Le premier constitue le sujet pensant, et
le second l'objet (objectum,
quod objicitur) pensé ou perçu. En conséquence,
on appelle subjectif tout qui est identique au sujet connaissant ou au
moi, et l'on nomme objectif tout ce qui ne lui est
pas identique, c -à-d. tout ce qui constitue le moi le non-moi.
En d'autres termes, le subjectif ou la réalité
subjective n'est autre que le sujet pensant, le principe intelligent, sensible
et volontaire; l'objectif ou la réalité objective est tout
ce qui est le non-moi, soit matériel, soit immatériel.
Le subjectif et l'objectif ne se conçoivent
donc pas l'un sans l'autre. ils se produisent constamment et nécessairement
en antithèse
l'un avec l'autre. Cette antithèse se manifeste même dans
le cas où le sujet pensant s'étudie lui-même, où
il considère ses propres états de conscience
et ses propres conceptions : le moi est alors
sujet-objet, et se langage est exact, quelque étrange qu'il
puisse paraître au premier abord. Alors le sujet s'objective lui-même.
On dit aussi de l'artiste qu'il objective ses idées,
lorsqu'il les traduit sous une forme objective.
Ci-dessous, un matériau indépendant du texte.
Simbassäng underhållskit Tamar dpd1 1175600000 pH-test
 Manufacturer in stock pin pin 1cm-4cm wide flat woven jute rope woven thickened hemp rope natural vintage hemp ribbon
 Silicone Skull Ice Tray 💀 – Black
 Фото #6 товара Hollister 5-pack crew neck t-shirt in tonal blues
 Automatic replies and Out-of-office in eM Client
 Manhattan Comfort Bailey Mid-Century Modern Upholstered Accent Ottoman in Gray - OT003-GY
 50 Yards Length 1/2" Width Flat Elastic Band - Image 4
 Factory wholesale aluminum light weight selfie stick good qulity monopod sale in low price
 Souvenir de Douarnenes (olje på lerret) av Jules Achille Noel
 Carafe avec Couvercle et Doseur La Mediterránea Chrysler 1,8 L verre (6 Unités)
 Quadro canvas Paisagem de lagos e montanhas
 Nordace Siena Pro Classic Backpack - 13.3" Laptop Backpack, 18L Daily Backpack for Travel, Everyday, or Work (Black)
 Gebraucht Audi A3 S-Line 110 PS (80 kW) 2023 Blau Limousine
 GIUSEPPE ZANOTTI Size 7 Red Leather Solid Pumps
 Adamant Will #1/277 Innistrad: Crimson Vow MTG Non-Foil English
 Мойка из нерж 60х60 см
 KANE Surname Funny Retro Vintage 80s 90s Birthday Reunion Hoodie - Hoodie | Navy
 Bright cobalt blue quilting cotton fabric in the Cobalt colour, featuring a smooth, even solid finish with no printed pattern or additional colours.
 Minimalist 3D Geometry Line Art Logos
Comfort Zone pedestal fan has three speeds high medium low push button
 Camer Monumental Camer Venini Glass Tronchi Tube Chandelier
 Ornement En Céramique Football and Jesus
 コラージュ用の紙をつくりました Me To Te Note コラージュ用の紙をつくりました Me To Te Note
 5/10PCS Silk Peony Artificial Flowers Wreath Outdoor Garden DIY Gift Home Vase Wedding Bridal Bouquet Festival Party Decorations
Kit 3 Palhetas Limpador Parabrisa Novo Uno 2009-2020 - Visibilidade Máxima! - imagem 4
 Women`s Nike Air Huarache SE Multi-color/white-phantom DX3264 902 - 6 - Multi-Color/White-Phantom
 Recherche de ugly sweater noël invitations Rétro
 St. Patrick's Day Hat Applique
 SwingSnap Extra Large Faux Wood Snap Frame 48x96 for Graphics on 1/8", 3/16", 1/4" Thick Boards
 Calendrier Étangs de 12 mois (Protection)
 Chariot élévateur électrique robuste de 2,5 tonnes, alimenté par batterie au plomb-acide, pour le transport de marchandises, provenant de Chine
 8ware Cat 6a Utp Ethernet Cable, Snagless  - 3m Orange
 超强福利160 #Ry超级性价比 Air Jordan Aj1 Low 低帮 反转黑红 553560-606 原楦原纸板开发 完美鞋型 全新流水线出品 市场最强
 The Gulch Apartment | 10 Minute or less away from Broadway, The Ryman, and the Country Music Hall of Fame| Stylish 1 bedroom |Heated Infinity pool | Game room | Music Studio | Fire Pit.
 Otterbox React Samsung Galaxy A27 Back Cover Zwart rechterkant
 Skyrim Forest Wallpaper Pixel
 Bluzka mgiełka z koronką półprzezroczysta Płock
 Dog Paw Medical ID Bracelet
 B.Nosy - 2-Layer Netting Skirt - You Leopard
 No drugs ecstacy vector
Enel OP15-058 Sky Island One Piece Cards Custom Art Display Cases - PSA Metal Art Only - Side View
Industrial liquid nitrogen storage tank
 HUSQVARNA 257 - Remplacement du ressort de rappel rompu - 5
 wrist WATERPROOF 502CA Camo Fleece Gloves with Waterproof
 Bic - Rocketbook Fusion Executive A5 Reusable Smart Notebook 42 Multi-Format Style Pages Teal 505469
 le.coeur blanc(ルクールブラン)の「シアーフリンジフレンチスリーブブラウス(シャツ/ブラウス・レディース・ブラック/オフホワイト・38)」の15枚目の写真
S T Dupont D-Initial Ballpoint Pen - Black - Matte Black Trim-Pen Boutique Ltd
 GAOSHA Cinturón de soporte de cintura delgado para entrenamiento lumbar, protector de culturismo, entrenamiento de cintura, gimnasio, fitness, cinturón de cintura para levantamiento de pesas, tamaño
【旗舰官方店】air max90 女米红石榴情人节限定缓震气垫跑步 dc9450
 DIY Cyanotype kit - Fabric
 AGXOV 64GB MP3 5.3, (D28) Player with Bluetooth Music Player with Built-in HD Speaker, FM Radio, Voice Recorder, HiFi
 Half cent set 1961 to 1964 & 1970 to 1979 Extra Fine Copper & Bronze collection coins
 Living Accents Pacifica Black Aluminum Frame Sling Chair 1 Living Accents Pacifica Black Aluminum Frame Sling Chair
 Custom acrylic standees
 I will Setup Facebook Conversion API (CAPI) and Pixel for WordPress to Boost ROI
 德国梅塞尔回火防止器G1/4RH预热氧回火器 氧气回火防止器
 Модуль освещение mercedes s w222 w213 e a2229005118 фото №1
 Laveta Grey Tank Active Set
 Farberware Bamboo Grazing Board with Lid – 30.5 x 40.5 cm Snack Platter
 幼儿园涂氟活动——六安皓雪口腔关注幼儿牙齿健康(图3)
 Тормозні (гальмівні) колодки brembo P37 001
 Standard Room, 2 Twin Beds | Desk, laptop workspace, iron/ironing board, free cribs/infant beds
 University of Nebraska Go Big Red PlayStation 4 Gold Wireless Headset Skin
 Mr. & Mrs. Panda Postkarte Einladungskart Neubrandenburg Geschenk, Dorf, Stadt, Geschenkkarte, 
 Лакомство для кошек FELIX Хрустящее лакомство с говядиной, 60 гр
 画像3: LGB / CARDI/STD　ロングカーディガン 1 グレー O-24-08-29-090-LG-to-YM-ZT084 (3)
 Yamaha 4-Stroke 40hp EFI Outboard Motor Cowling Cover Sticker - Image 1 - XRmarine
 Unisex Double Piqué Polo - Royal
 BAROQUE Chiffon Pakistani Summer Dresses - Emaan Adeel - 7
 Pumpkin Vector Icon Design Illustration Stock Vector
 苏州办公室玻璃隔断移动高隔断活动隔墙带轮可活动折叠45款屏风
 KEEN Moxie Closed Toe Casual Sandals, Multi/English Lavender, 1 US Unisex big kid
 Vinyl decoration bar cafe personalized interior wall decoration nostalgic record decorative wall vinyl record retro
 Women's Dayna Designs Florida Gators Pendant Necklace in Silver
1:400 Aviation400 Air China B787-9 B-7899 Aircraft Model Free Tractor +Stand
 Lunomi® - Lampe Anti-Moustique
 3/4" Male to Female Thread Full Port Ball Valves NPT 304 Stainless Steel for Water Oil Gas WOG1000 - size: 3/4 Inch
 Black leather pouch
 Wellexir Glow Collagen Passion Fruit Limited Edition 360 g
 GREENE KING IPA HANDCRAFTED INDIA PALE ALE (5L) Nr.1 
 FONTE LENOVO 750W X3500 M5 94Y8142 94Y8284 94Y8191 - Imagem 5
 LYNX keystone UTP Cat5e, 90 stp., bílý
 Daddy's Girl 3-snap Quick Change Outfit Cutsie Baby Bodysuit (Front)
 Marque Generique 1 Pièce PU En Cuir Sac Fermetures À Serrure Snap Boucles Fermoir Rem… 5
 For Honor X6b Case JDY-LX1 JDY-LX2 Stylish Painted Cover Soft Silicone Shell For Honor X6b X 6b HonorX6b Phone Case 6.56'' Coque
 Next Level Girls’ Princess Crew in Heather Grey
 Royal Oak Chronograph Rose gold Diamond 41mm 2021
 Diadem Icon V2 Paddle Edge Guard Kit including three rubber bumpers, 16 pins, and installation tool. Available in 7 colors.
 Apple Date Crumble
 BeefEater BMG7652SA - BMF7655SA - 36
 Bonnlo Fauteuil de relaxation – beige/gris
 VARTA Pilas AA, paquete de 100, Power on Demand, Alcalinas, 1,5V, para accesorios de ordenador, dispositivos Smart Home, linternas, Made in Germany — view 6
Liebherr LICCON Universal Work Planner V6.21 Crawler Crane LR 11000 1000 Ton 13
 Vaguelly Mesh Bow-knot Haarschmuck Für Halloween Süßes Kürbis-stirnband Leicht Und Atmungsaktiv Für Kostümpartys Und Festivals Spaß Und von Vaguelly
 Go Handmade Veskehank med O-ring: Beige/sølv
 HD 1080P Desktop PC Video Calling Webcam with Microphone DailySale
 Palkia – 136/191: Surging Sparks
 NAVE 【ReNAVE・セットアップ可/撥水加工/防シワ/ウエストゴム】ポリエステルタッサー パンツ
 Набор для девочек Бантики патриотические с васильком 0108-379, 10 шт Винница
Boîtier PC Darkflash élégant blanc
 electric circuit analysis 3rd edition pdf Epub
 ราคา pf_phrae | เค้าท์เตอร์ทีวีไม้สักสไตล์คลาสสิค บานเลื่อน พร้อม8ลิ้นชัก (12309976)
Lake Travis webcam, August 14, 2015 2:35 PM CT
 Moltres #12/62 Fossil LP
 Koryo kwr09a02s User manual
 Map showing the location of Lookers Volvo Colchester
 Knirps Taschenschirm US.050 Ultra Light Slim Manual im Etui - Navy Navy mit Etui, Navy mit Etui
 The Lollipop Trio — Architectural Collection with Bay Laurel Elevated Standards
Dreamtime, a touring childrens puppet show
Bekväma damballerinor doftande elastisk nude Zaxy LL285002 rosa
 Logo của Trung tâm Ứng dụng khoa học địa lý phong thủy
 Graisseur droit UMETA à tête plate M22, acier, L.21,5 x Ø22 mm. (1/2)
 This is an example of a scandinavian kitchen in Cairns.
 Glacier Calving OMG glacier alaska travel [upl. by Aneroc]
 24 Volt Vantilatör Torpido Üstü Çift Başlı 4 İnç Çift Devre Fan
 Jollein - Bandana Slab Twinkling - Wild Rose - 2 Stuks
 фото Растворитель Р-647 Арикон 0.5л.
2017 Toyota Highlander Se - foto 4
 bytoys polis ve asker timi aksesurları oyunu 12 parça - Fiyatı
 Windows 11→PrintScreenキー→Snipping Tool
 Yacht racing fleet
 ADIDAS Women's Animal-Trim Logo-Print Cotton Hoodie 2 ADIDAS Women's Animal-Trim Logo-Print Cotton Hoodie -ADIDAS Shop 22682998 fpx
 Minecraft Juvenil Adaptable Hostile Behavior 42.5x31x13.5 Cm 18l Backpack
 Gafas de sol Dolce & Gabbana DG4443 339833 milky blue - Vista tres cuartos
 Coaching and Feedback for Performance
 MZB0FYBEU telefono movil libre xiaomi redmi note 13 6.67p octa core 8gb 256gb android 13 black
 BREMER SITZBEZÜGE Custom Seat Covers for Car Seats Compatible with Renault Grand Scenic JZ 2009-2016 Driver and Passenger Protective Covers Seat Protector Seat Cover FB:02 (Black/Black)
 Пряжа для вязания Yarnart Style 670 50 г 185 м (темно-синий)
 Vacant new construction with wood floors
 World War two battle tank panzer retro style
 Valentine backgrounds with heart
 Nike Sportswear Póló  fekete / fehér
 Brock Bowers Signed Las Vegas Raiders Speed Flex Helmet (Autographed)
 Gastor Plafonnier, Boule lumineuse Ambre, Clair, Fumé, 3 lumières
Des mots subjectif et objectif sont dérivée
les substantifs objectivité et subjectivité
qui désignent l'ensemble des propriétés
ou qualités objectives, et des propriétés
ou qualités subjectives, ainsi que les adverbes objectivement
et subjectivement, qui veulent dire en faisant abstraction de tout
élément subjectif ou de tout élément objectif.
Faire sûrement
et équitablement la part de l'objectif et du subjectif dans la formation
de nos connaissances est un des problèmes
les plus délicats. Le langage philosophique
courant, indépendamment de toute théorie
spéciale, reconnaît un caractère objectif à
toute réalité que l'esprit
affirme comme extérieure à lui-même, comme indépendante,
et investie d'une valeur propre. Le sens commun
attribue l'objectivité à la matière
et à ses qualités, à l'existence
des esprits et des vivants; le scientifique, aux lois
générales qui lient les phénomènes.
Mais le mot objectif est très loin d'être resté conforme,
dans l'histoire des doctrines philosophiques, à cette acception
réaliste. La plus simple réflexion
amène l'esprit à se rendre compte qu'il ne connaît
pas les choses en elles-mêmes, mais simplement les représentations,
images ou idées plus on moins déformées
qu'il s'en fait. Les êtres ou qualités
auxquelles nous accordons l'objectivité ne sont encore que des états
subjectifs.
Aussi Descartes
désignait-il par réalité objective, non pas les objets
extérieurs, mais l'idée même considérée
comme un objet interne sur lequel se fixe l'attention. C'est le caractère
représentatif idées. Pour Kant, le
mot objectif prend un sens tout autre, très spécial encore,
quoique plus voisin du sens ordinaire. L'objectivité de la connaissance
est constitué non pas par une accommodation tout empirique,
et par suite contingente, de la pensée
et de l'objet, mais par l'application des catégories,
ou formes a priori de l'entendement,
au divers de l'intuition. Toute connaissance
dérive, il est vrai, de l'expérience,
mais l'expérience même n'est possible
qu'autant qu'elle est soumise à l'action unifiante des catégories.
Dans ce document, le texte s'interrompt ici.